• **Work instruction**
An exact copy of every record is needed, with all pictures omitted.

START Data provided

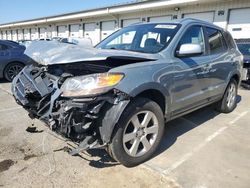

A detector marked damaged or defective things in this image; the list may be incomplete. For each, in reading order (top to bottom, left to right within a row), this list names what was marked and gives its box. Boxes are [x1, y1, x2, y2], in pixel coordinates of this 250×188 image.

crushed front end [12, 64, 129, 155]
detached bumper piece [11, 65, 130, 155]
crumpled hood [23, 40, 160, 65]
broken headlight [61, 72, 124, 97]
damaged silver suv [11, 18, 242, 166]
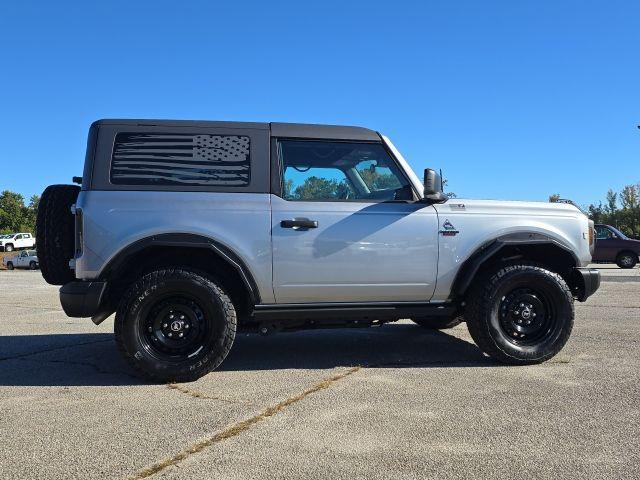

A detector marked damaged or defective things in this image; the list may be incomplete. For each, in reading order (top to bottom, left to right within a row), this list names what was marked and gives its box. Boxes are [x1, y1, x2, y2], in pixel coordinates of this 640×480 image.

pavement crack [0, 340, 111, 362]
pavement crack [166, 382, 254, 404]
pavement crack [129, 366, 360, 478]
cracked pavement [0, 268, 636, 478]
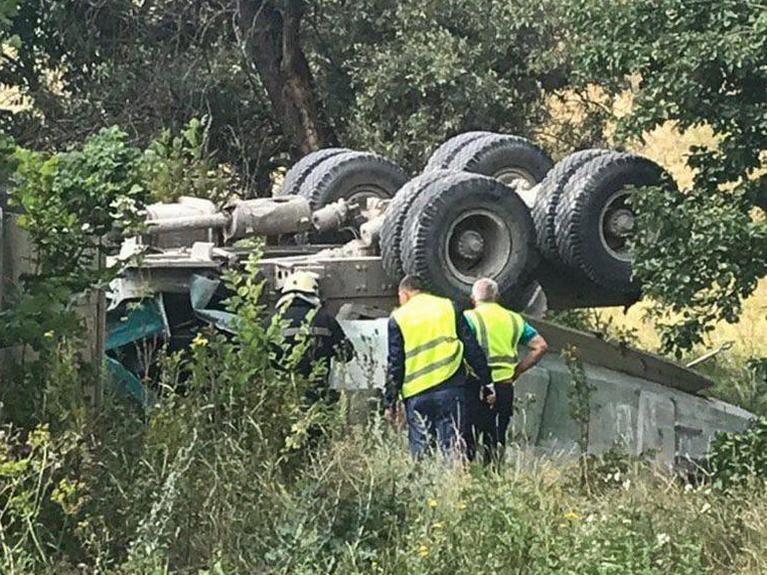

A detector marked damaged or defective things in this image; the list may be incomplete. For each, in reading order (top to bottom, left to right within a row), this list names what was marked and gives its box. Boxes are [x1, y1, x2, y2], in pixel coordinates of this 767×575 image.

overturned truck [109, 133, 756, 470]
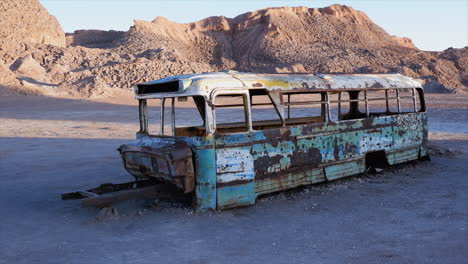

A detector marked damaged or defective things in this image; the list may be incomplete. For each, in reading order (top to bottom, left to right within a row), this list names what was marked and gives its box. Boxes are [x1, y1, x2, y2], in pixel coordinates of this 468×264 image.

abandoned bus [117, 70, 428, 210]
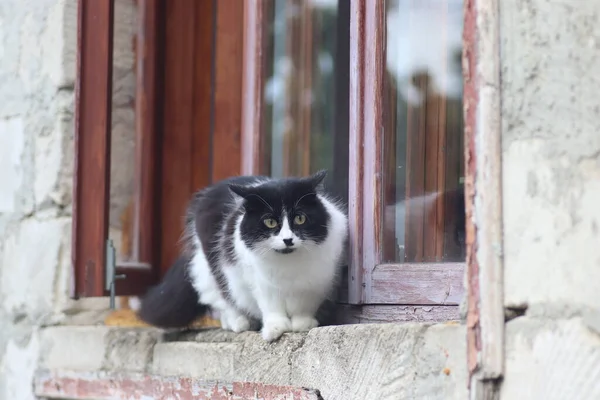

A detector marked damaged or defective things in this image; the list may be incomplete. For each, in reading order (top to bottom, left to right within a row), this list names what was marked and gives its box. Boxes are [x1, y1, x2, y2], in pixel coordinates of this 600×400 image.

rusty metal strip [34, 370, 324, 398]
rusty metal strip [462, 0, 504, 396]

END Data provided

• **Expected answer**
A detector marked damaged or defective things in this image; the list may be incomplete. For each, in reading order (top to bottom, left to right within a row), this list names what was marked and gives its box. Boxes are [x1, y1, x2, y2], in pixel coordinates of this 250×188 image.

crushed front end [12, 64, 129, 155]
detached bumper piece [11, 65, 130, 155]
crumpled hood [23, 40, 160, 65]
broken headlight [61, 72, 124, 97]
damaged silver suv [11, 18, 242, 166]

A detector marked damaged or defective things in this image; the list may be incomplete. For each, in reading order (top to bottom, left to right within a row), this list names what was marked and gives its box. Boxes are [x1, y1, x2, y2], in pixel coordinates of this 640×480 image.

pavement crack [0, 340, 111, 362]
pavement crack [166, 382, 254, 404]
pavement crack [129, 366, 360, 478]
cracked pavement [0, 268, 636, 478]

A detector marked damaged or defective things in this image; the list may be incomplete. For each, in reading order (top to bottom, left to right within a row), this list names what was marked and gives its box. Boxes are [x1, y1, x2, y2], in pixel coordinates of this 767×575 image.

overturned truck [109, 133, 756, 470]

A detector marked damaged or defective things in this image; the list may be incomplete. For each, in reading order (top to bottom, left to right within a row), this list names what was marked and gives its box. Boxes are [x1, y1, x2, y2], in pixel coordinates of this 468×264 image.

abandoned bus [117, 70, 428, 210]

A detector marked damaged or defective things in this image; the list may be incomplete. For each, in reading order (top to bottom, left to right within a row), this list names what was marked and gives its box. Boxes are [x1, y1, x2, y2], in pixel coordinates of this 600×400 image.

rusty metal strip [34, 370, 324, 398]
rusty metal strip [462, 0, 504, 396]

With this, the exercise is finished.